|Which Randy Moss will we see in 2012? (US PRESSWIRE)|
Brandon Jacobs is known as much for his ability to run over would-be tacklers as he is for his knack for saying what's on his mind. You could say he plays with a chip on his shoulder. And now he's attributing the motivational tactic to his new teammates. Released by the Giants this spring, Jacobs signed with the 49ers, where he'll join Mario Manningham, A.J. Jenkins and Randy Moss as new faces brought in to bring some dynamism to the offense.
During an appearance Tuesday on ROME (you can watch weeknights at 6 p.m. ET on the CBS Sports Network!), Jacobs talked about what why he left the Giants ("it was just money"), his thoughts on new coach Jim Harbaugh ("he's the man") and what we can expect from Moss, who didn't play last season.
“His motivation level is high,” Jacobs told Rome. “I think Moss has a chip on his shoulder. I've spoken to him a lot, and he starts off everything with, ‘Just wait.' He's got a chip on his shoulder, he's ready to go out there and show everybody that he can play still.” (The 49ers should invite Ray Lewis to speak to the team. The man's a motivational marvel.)
San Francisco coach Jim Harbaugh said earlier this week that Moss was the team's top wideout.
“This offseason he's been incredible.” Harbaugh told Sirius XM NFL radio host Rich Gannon.

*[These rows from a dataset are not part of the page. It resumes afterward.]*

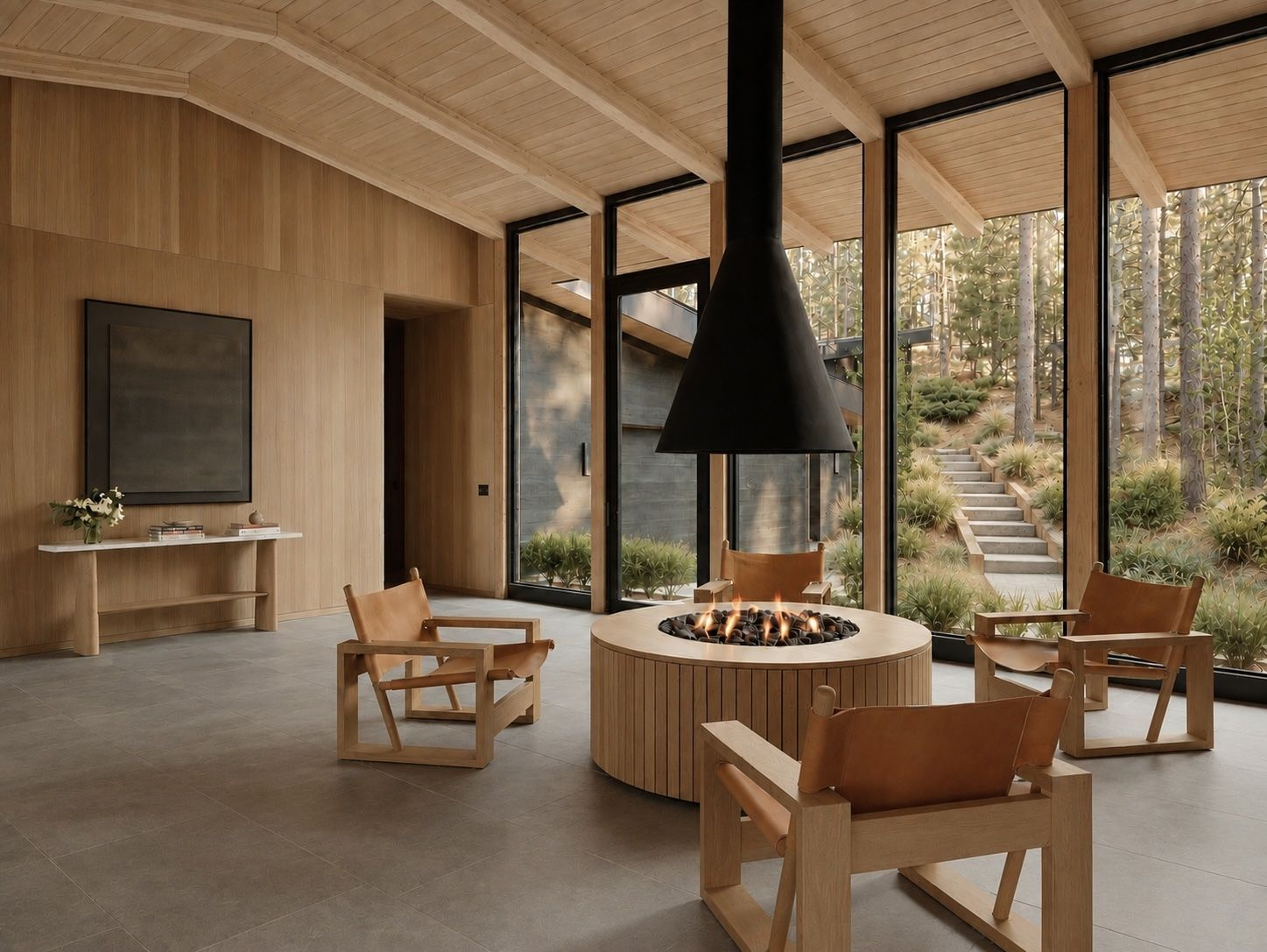 Centered between the glass walls, four chairs surround a round indoor firepit beneath a suspended black hood.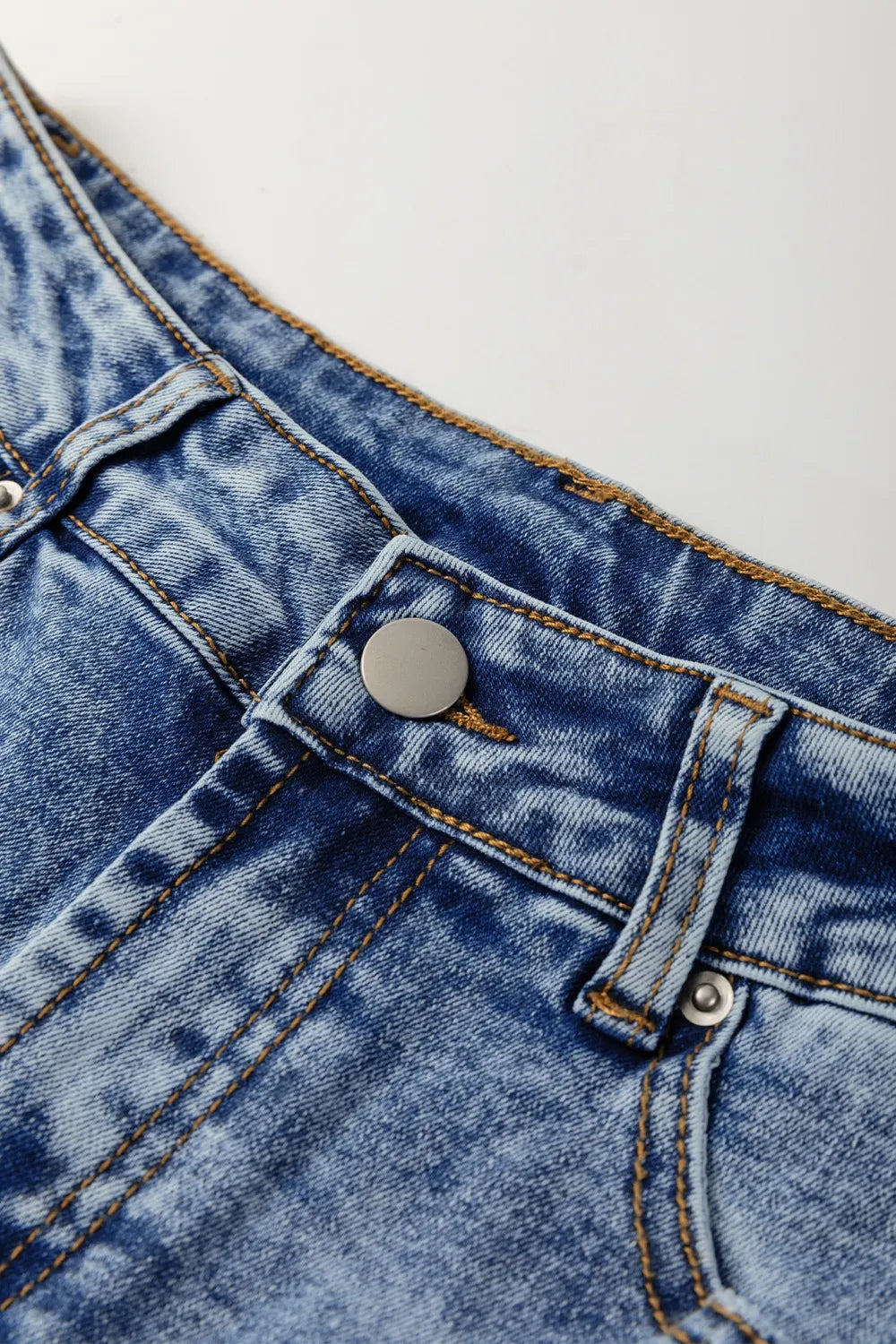 Pocket detail on wide leg cuffed jeans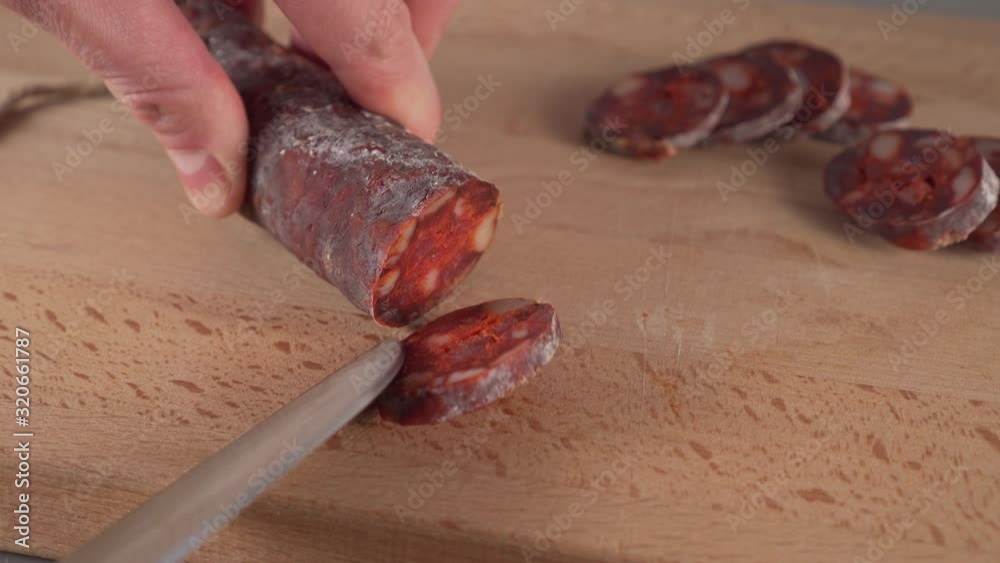 Slicing spanish traditional homemade chorizo sausages into pieces on a wooden cutting board in the kitchen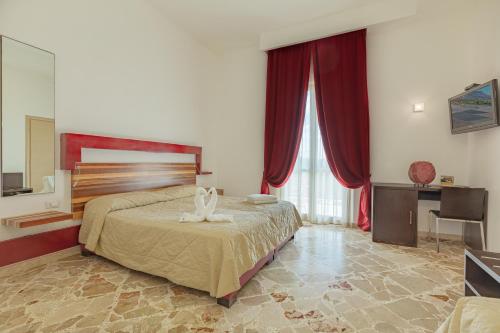 a bedroom with a large bed and red curtains at diVino Hotel in Rilievo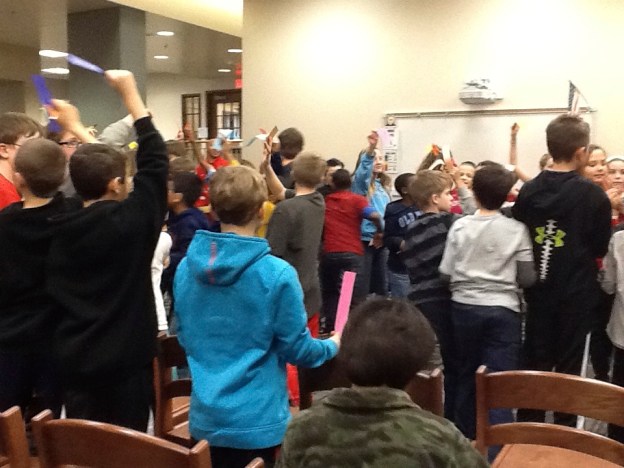 After the Q & A, they got into groups for the next activity--match your colored strip with the others to find your new group!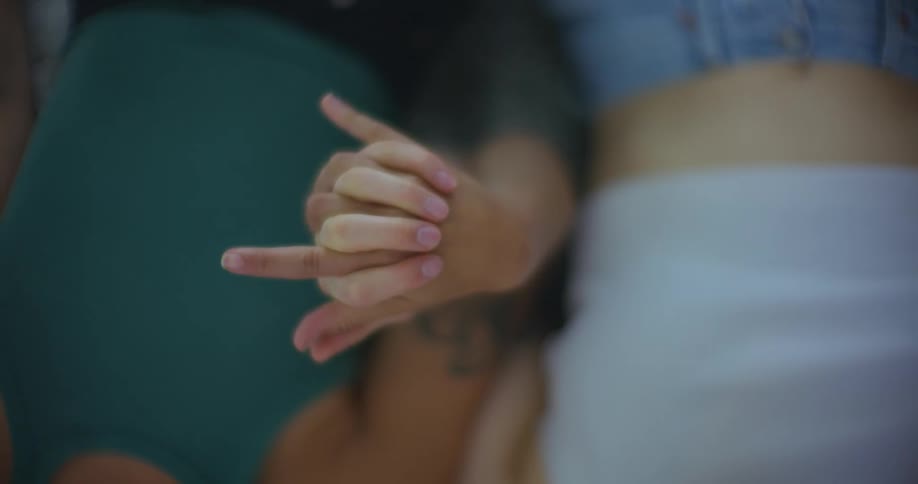 A man and woman are holding hands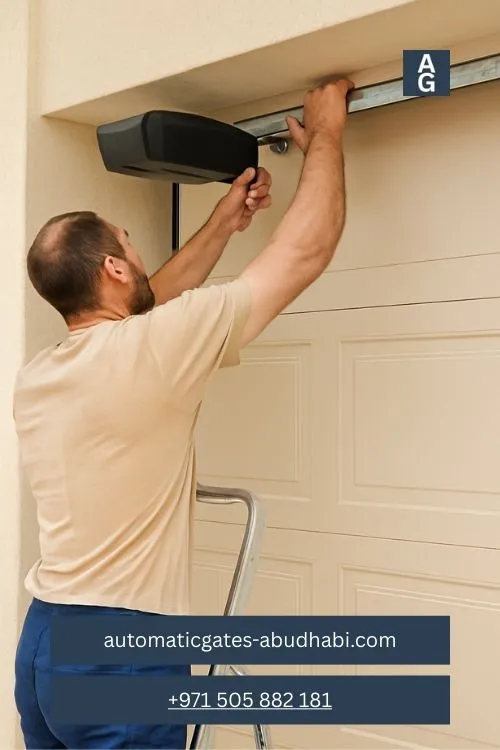 A technician installs an automatic garage door opener on a beige sectional garage door using a wrench, perched on an aluminum ladder in Khalifa Industrial.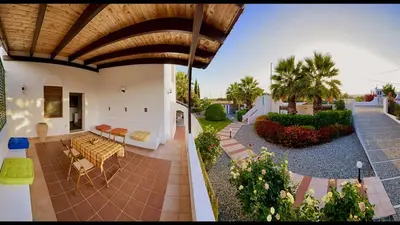 a house with a patio with a table and chairs at Tramonto Blue in Gennadi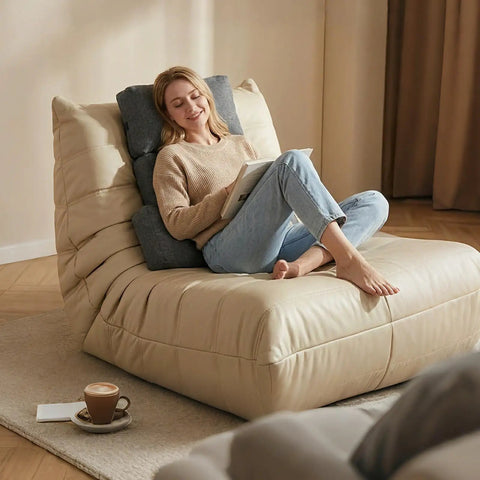 Woman relaxing on a recliner with neck and lumbar pillow set for pain relief and comfort during long sessions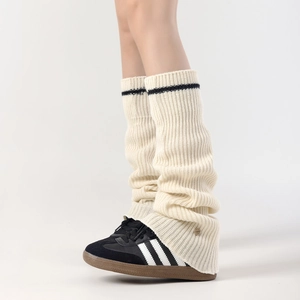 Detail of cream knitted leg warmers with black stripe and metal button embellishment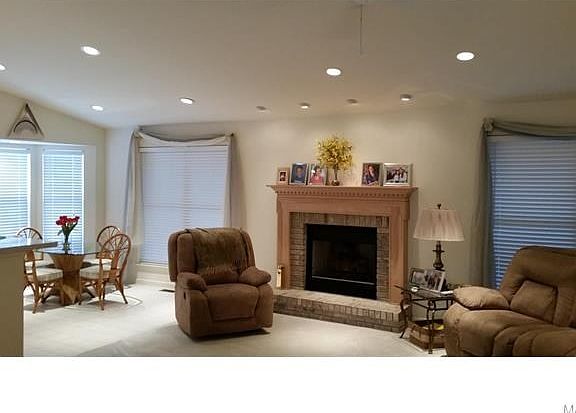 Vaulted great room with fireplace and lots of can lights open to the dining area.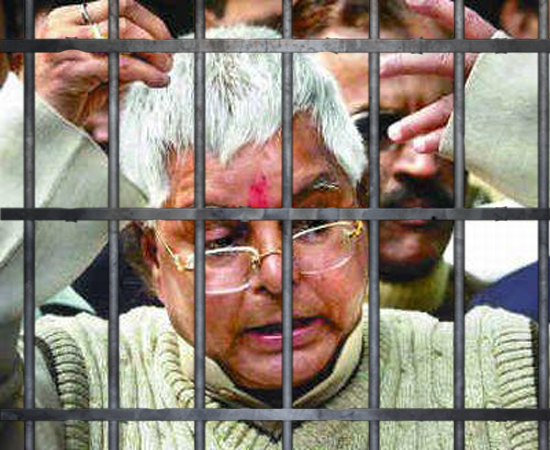 Lalu Prasad Yadav gets 5 year jail term,  loses Parliamentary seat,  Lalu gets Jail for 5 years,   Lalu Prasad yadav,  Lalu Fodder Scam case, Fodder Scam, national news, political news 2013, Politics updates.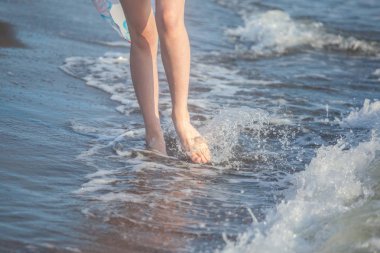 Bir kadının çıplak ayak bir kumsalda yürüyen closeup. Seyahat, tatil kavramı.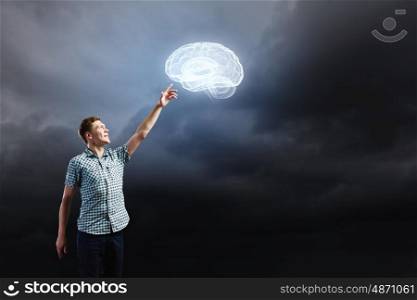 Inspiration concept. Young man and brain illustration against dark background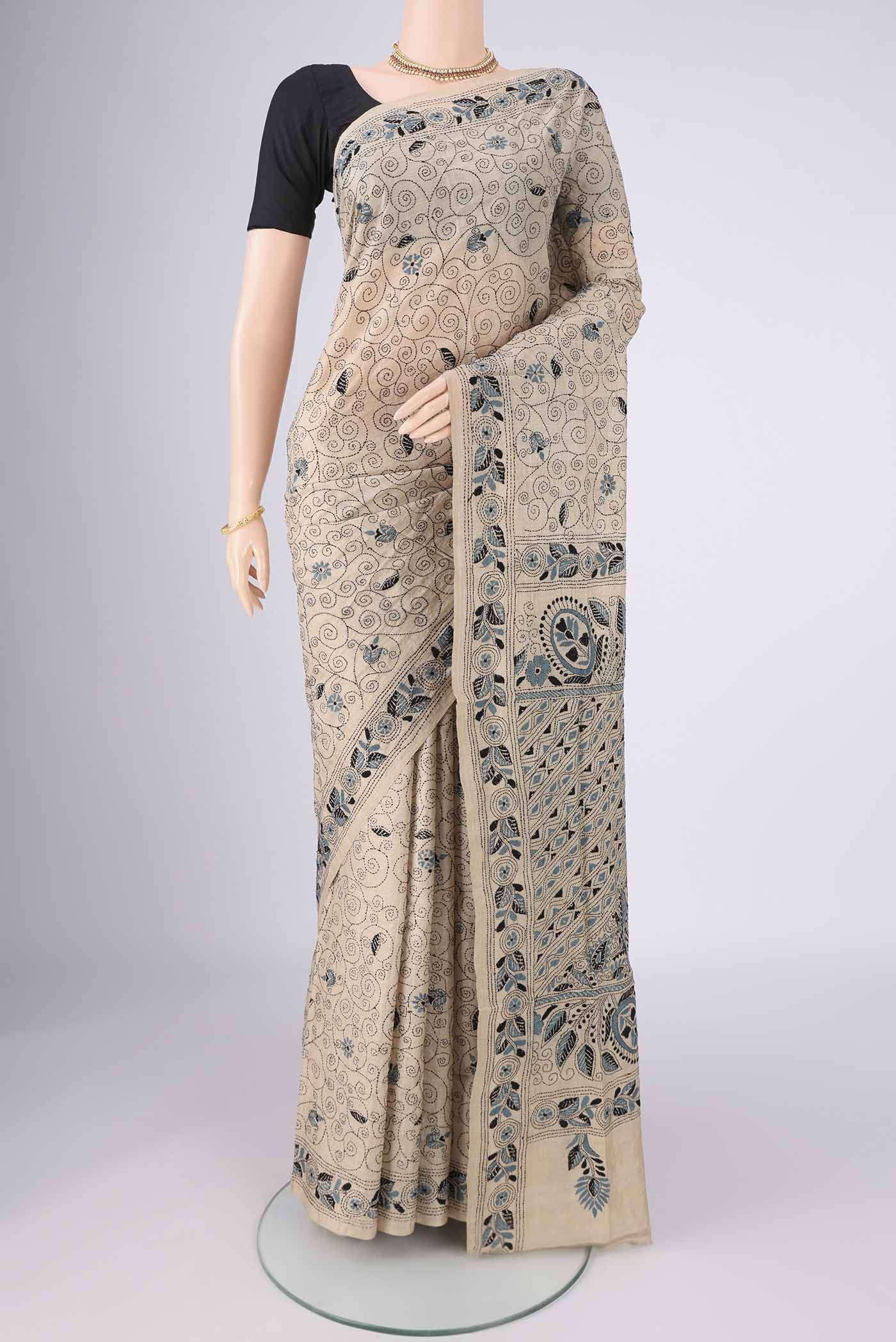 Beige Tussar Silk Saree with Kantha Work on the body and Thread Border.  displayed on a mannequin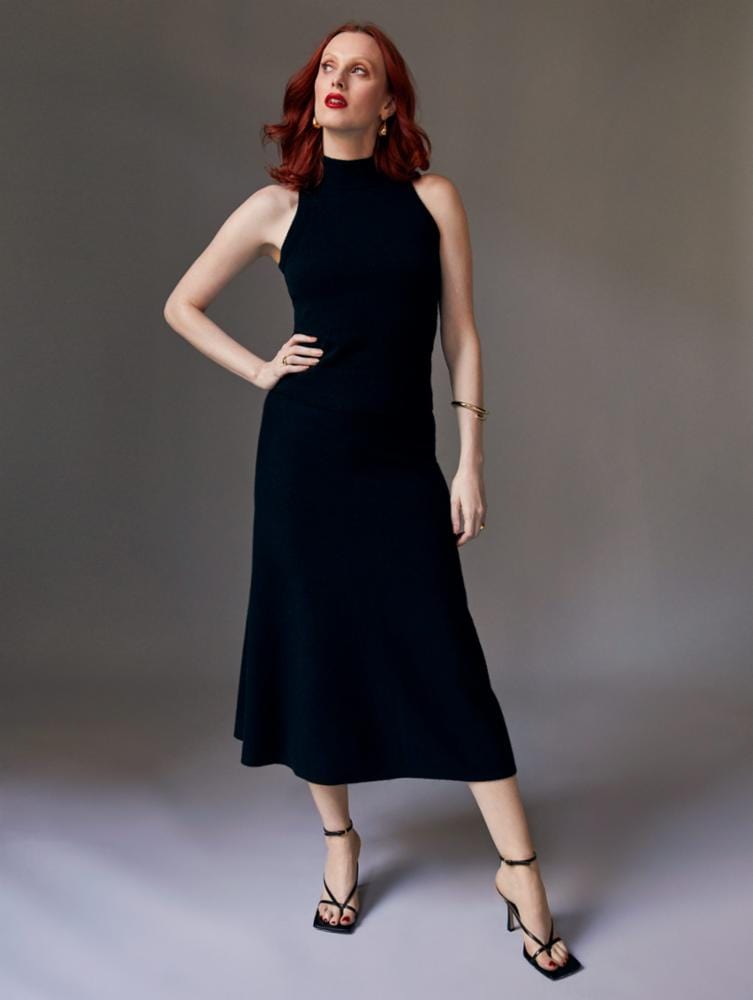 White + Warren Midi Cashmere Skirt in black cashmere with an a-line cut. Back view. shown with the sleeveless mockneck cashmere top in black shown with A line cashmere skirt.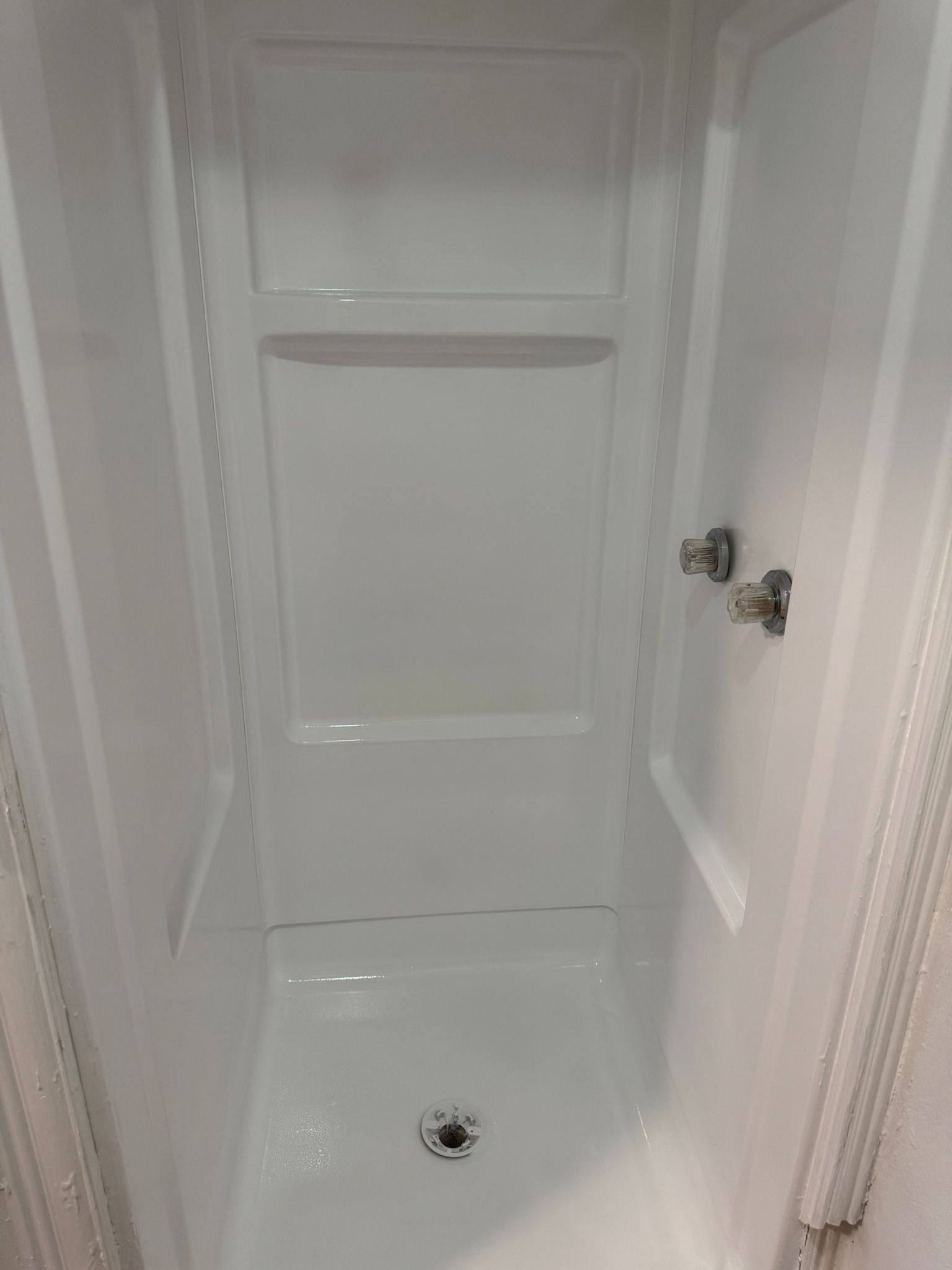 White, empty shower stall with built-in shelves, drain, and silver faucet.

This is as much a commentary on the lack of progress by Michael Crabtree and rookie first-rounder A.J. Jenkins as it is about a 35-year-old who last played in January 2011. But as we mentioned on the last Pick-6 Podcast (embedded below for your listening convenience), it's unfair to lay all the blame on Crabtree, the team's 2009 first-rounder, or Jenkins, who has yet to put on pads.
Don't forget, the 49ers have had a revolving door at offensive coordinator for almost all of quarterback Alex Smith's career and that has certainly hindered any collective progress. (It was so bad that Smith was benched for Troy Smith during the 2010 season).
Although Moss has proven his critics wrong before -- in a huge way in '07 with 23 touchdowns with the Patriots after everyone wrote him off following two forgettable years in Oakland -- he looked old and slow with the Titans three years later. Moss is most effective stretching the field, which means that he can be neutralized if opponents take away the deep route.
Put differently: What happens if the 49ers' o-line doesn't give Smith enough time to let the deep routes develop and Moss gets frustrated? Would he take plays off? We've seen it happen before.